How are the North Koreans going to get the U.S. to begin shipping in all that food, at the rate of 20,000 tons a month over the course of a year, if they’ve just fired a long-range missile that’s capable in theory of carrying not merely a dummy satellite but a weapon of mass destruction, nuclear, biological or chemical, as far as the U.S. west coast? And would they still have a chance if they happened to follow up the missile-cum-satellite launch with a third underground nuclear test — just as they did in May 2009 the month after their last missile launch?
Sure, no problem. For starters, the North Koreans can make a show of inviting in inspectors from the International Atomic Energy Agency to sniff around their main nuclear complex at Yongbyon, 60 miles north of Pyongyang.
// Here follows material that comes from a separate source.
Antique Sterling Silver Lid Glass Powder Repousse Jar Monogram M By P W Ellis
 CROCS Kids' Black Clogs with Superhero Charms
The North Koreans kicked them all out, for the second time, three years ago before their last round of long-range-missile-and-nuclear tests, but there’s no harm in having them back if that’s what it takes to appease foreign critics. They won’t go near the sites for launching missiles and testing nukes — they’re nowhere near Yongbyon.
As for getting all that food, the next step would be, fine, let’s all return to the six-party talks, last held in Beijing in December 2008, including the U.S., Japan and Russia plus the two Koreas.
Eventually, the talks would end in another statement, another agreement, and the shipments would begin.
Only this time, the North Koreans might bargain for the kind of food they want the most — fodder for the troops, not baby food for little kids. That might be a hard bargain, but the North’s got a little time on its side.
Americans and South Koreans are both electing new presidents later this year, and new governments in Washington and Seoul may want to forgive and forget — that is, until the next crisis and the next cycle of talking and testing.